화학공학소재연구정보센터
Energy & Fuels, Vol.22, No.1, 535-544, 2008
Modeling of the VAPEX process in a very large physical model
Solvent-based nonthermal heavy oil recovery methods are relatively new and still under development. The central idea in such techniques is to rely on solvent dissolution for viscosity reduction instead,of heating. Among the solvent-based methods, VAPEX appears to be the most promising. In thin heavy oil and bitumen reservoirs, where the thermal processes are likely to fail due to excessive heat losses, VAPEX can be more successful. Nonetheless, the economic viability of VAPEX remains uncertain due to lower oil production rates predicted by scale-up of laboratory model results using the transmissibility based scaling criteria.

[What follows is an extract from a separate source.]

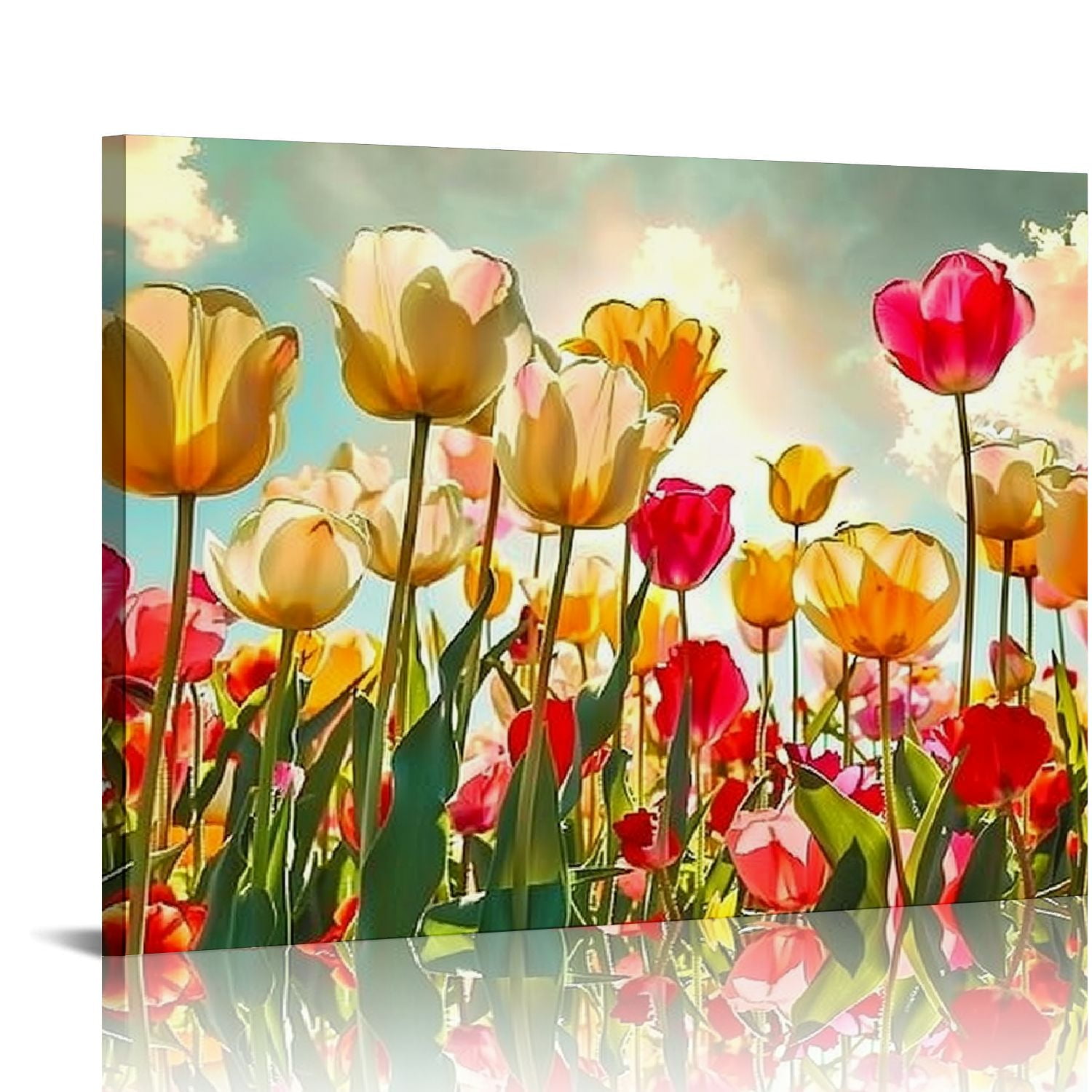 JEUXUS Canvas Wall Art Print Multicolored Tulip Flowers Home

However, such scaling is far from reality, and our previous experimental work [Yazdani and Maini. SPE Reservoir Eng. Eval. 2005, 8, 205-213] has shown that it underestimates the field rates. This paper presents the design of a very large physical model as well as the results of a set of VAPEX experiments carried out in this model. The results are, interestingly, in very good agreement with the trend of the previous experiments conducted by the authors [Yazdani and Maini. SPE Reservoir Eng. Eval. 2005, 8, 205-213] in smaller models. The results from this large model were combined with the previous results to improve the previously reported empirical scale-up correlation.